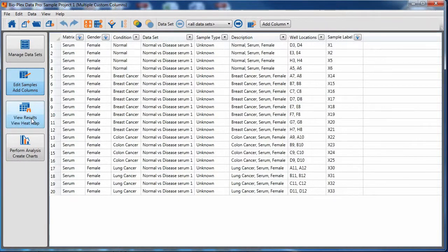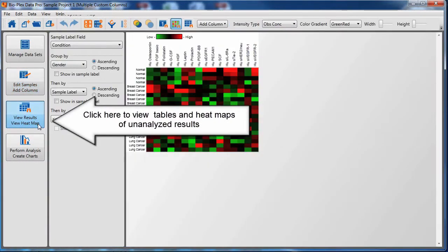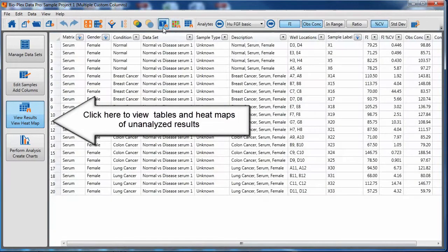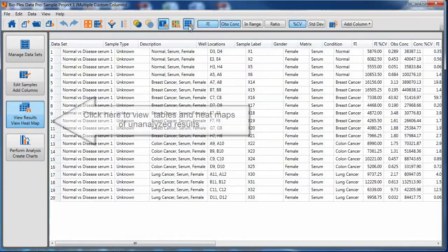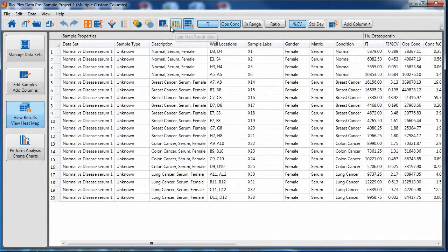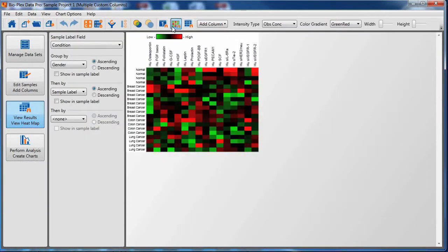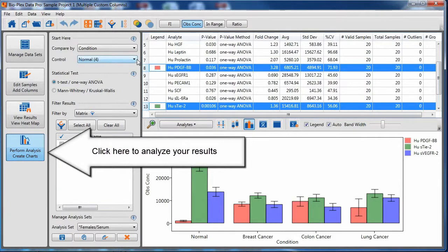Click on the third button to view tables and heat maps of unanalyzed results. Think of this as your results listed by sample with no grouping information used for analysis. Click on the last screen to analyze your results, taking into account biological replicates.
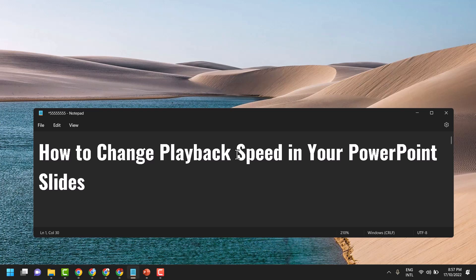Hello friends, in this video I will show you how to change playback speed in your PowerPoint slides. So firstly, open PowerPoint.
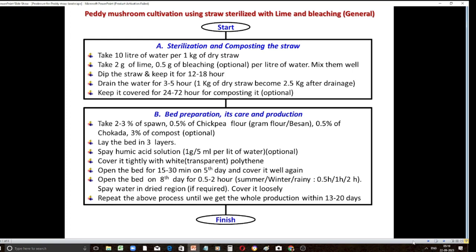Then you have to lay the bed. I generally prefer three layers, though people can go for four layers depending on the season — rainy or winter season may need four layers, while summer can use three. After laying the bed, you have to spray humic acid solution, which is optional. Recent reports show that spraying humic acid increases yield very significantly, so it is advisable to spray this solution.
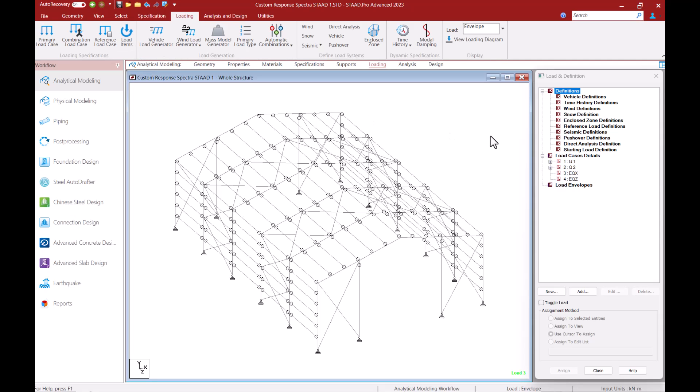Welcome to this Bentley Systems training video on STAAD.Pro. In this video we are going to learn how to create a custom response spectra load case for the purpose of dynamic seismic analysis.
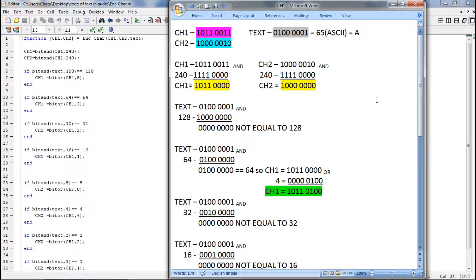Hi all, in this video I'll explain the encoding function of the code. For encoding, we need the audio samples which are in CH1 and CH2 and the secret text to be encoded.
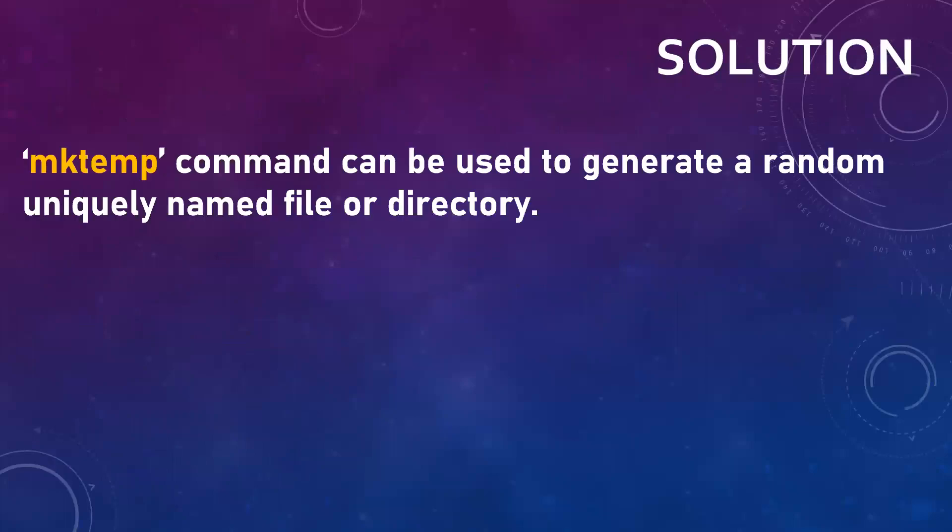So Linux provides us with the mktemp command which we can use to generate a random directory or file. Obviously those names will be unique so that they will not overwrite existing ones.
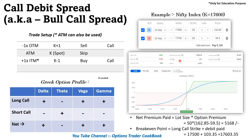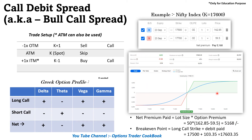Here is the example for the index. The ITM call is bought at 17,500 and the OTM call is sold at 17,700. We have to pay the net premium of around 5,168 rupees. This is also shown in the profit and loss diagram.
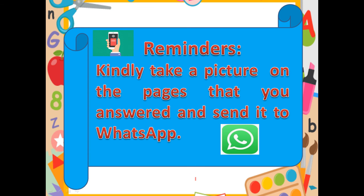Reminder, parents: after your child finishes the classwork, kindly take a picture of the pages they answered and send it to the WhatsApp group for KG1. I will be expecting them all on Thursday. Thank you very much for listening. I hope you learned our lesson today, which is shortest. See you again next time. Have a nice day.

........

== Problem requirements ==
Restate the entries above word for word, keeping pictures out of the copy.

== Exercise response ==
Click on the third button to view tables and heat maps of unanalyzed results. Think of this as your results listed by sample with no grouping information used for analysis. Click on the last screen to analyze your results, taking into account biological replicates.
Hello friends, in this video I will show you how to change playback speed in your PowerPoint slides. So firstly, open PowerPoint.
Then you have to lay the bed. I generally prefer three layers, though people can go for four layers depending on the season — rainy or winter season may need four layers, while summer can use three. After laying the bed, you have to spray humic acid solution, which is optional. Recent reports show that spraying humic acid increases yield very significantly, so it is advisable to spray this solution.
Welcome to this Bentley Systems training video on STAAD.Pro. In this video we are going to learn how to create a custom response spectra load case for the purpose of dynamic seismic analysis.
Hi all, in this video I'll explain the encoding function of the code. For encoding, we need the audio samples which are in CH1 and CH2 and the secret text to be encoded.
So Linux provides us with the mktemp command which we can use to generate a random directory or file. Obviously those names will be unique so that they will not overwrite existing ones.
Here is the example for the index. The ITM call is bought at 17,500 and the OTM call is sold at 17,700. We have to pay the net premium of around 5,168 rupees. This is also shown in the profit and loss diagram.
Reminder, parents: after your child finishes the classwork, kindly take a picture of the pages they answered and send it to the WhatsApp group for KG1. I will be expecting them all on Thursday. Thank you very much for listening. I hope you learned our lesson today, which is shortest. See you again next time. Have a nice day.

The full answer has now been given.